Earthjustice attorney David Henkin said the change in categories would require the Hawai'i longline fleet and Fisheries Service to come up with a specific plan to limit the number of false killer whales that are caught unintentionally. "This is not an anti-longline fishing lawsuit, this is a pro-environmental lawsuit," Henkin said.
False killer whales, which are a type of dolphin, are a protected species but are not on the endangered list.
Alvin Katekaru, acting administrator of the National Marine Fisheries Service Pacific Islands Region, had not seen the lawsuit and declined to comment at length yesterday afternoon.
"I do know that the (Fisheries Service) Pacific scientific research group is meeting right now in La Jolla, Calif., and one subject they are dealing with is updating information from assessments," Katekaru said.
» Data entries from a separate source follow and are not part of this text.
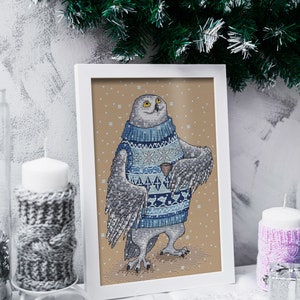 Polar owl, Cross-stitch design in PDF format, series by Julia Selinas illustrations ЗверушкиВСвитерахИСКружкой AnimalInSweatersAndWithMug image 2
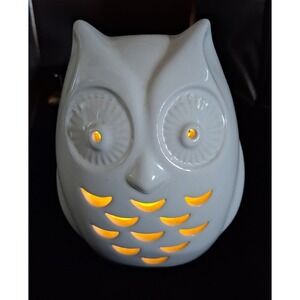 Partylite White Woodland Owl Votive & Tealight Holder Candle Holder Ceramic 5"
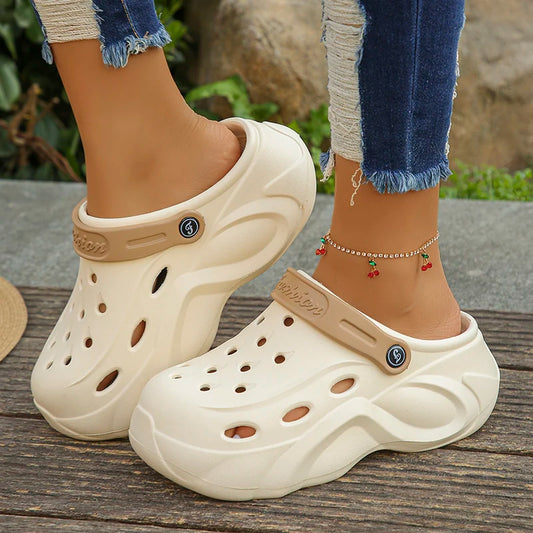 Chunky Platform Clogs - Sandals for Women, Summer Soft Thick Bottom Beach Garden Shoes, Non-Slip Eva Wedge Slippers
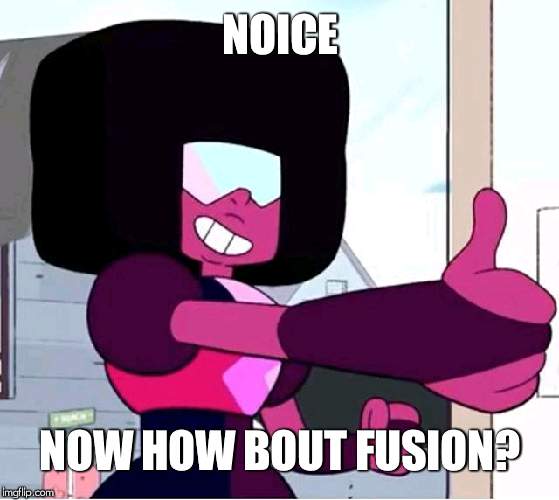 Garnet thumbs up | NOICE NOW HOW BOUT FUSION? | image tagged in garnet thumbs up | made w/ Imgflip meme maker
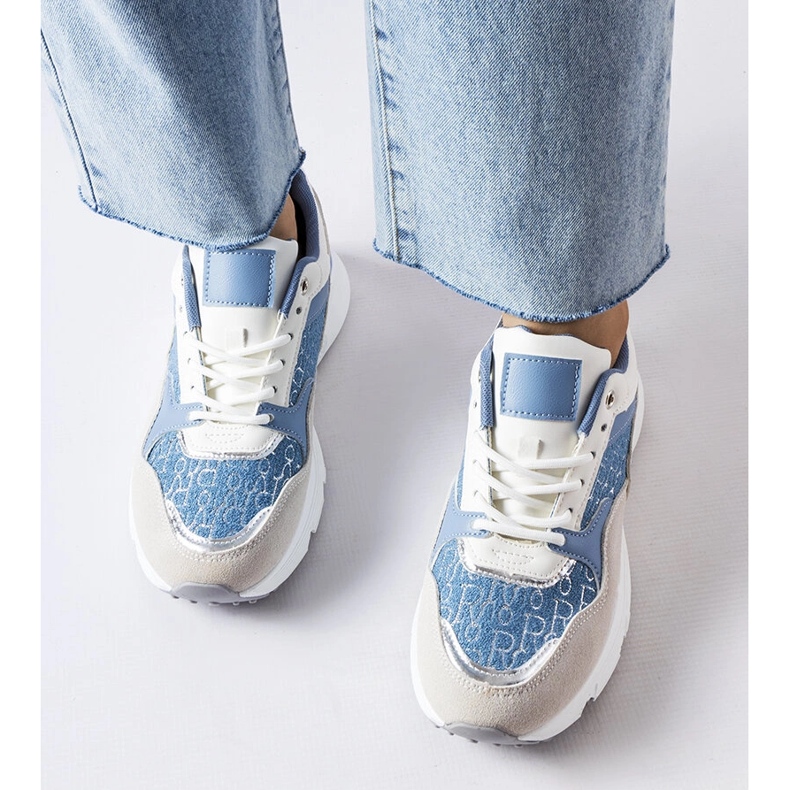 Niebiesko-białe buty ze srebrnym zdobieniem Rio 1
Henkin said the agency's own "stock assessment reports" compiled by Fisheries Service observers who go to sea on longline fishing boats were used to calculate the figures.
Scott Barrows, owner of two longline fishing boats and a member of the Hawai'i Longline Association, challenged the Earthjustice numbers.
"I know there are a lot more of them in the water than there used to be," said Barrows, who has fished in Hawai'i for 28 years, the past 18 years as a longliner.
"In the past, maybe once or twice a year a false killer whale would go down the line and eat every fish on it. Now, it happens almost once every trip," said Barrows, who said he was commenting only as a fisherman and not as a representative of the Longline Association.
"In more than 20 years of fishing in Hawai'i ... I've never caught a whale, wouldn't want to catch one and don't know anybody who has," Barrows said.